Souvenez vous « La Rochelle 2008 », aux 31èmes Rencontres de l’ANCCAS nous avions réfléchi sur la thématique de la mixité sociale. Voilà bien un thème consensuel et un objectif fédérateur !

Tous les intervenants nous y ont dit que la mixité sous toutes ses formes est un enjeu essentiel du « mieux vivre ensemble », l’un des fondements du pacte social qui construit une nation. Sociologues, politiques et travailleurs du social s’étaient séparés tous d’accord : la mixité sociale est un principe républicain.
Voilà pourquoi j’essaie de comprendre depuis quelques temps deux mesures qui, me semble t il, ne vont pas dans ce sens. La première, presque anecdotique dans sa portée, met en place quelques lycées d’excellence où sont regroupés des poignées d’élèves méritants issus des banlieues difficiles. Pourquoi ne pas les avoir intégrés dans des collèges ou lycées de centre ville ? Doit-on se résoudre qu’avec ou sans carte scolaire l’école reste le miroir des inégalités sociales ?

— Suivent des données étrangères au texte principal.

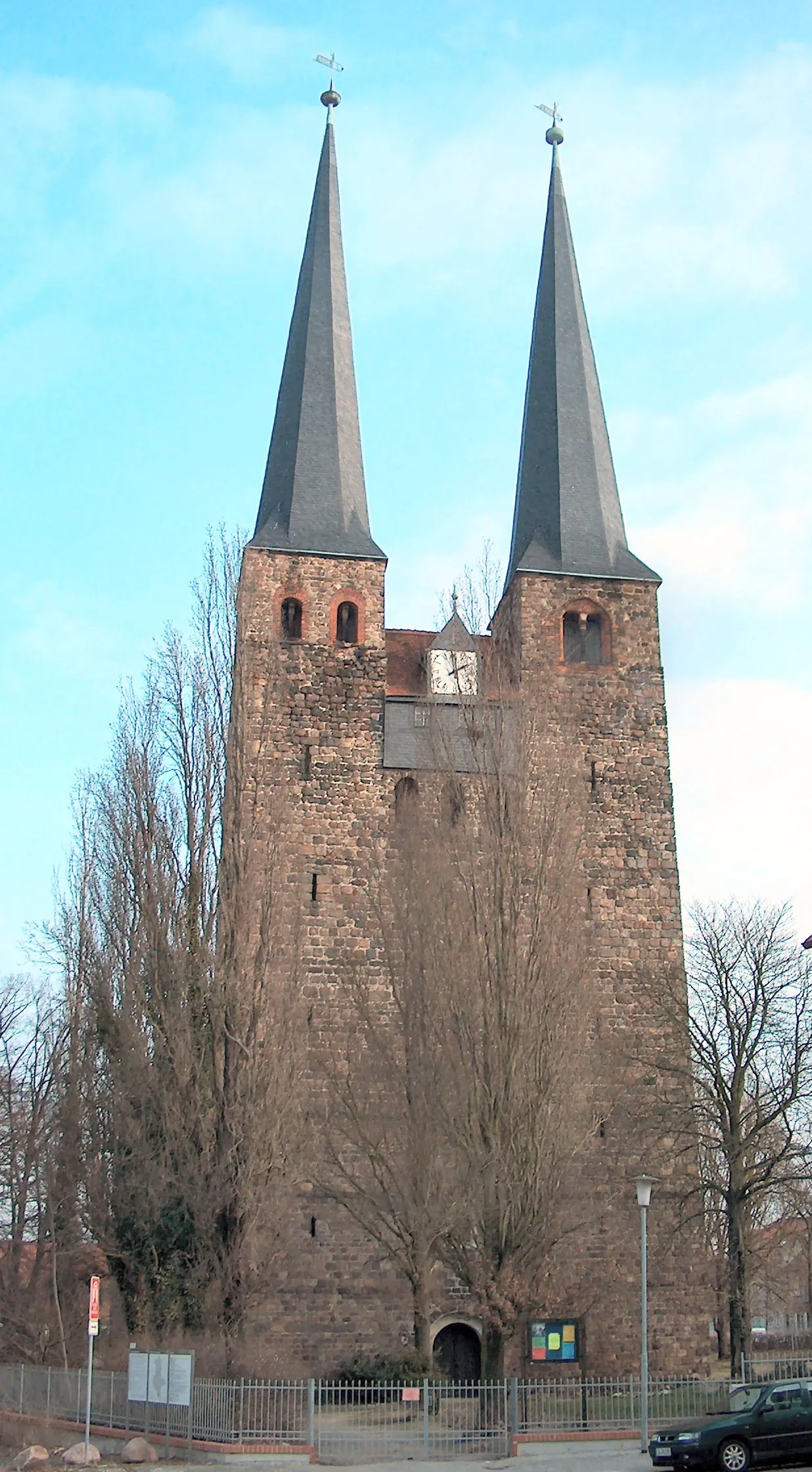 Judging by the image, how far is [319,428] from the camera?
27.0 metres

La seconde mesure, la modification du régime des surloyers en HLM, pousse au départ des locataires
installés parfois depuis de longues années. Beaucoup d’entre eux sont des acteurs importants dans la vie des quartiers. Ils sont de par leur histoire et leur âge l’un des éléments permettant de maintenir l’équilibre fragile de certaines cages d’escalier. Leur départ est déjà regretté par leurs voisins et leurs bailleurs.
Les questions de l’accès au savoir et de l’accès au logement ne sont pas simples, les réponses ne peuvent pas l’être non plus.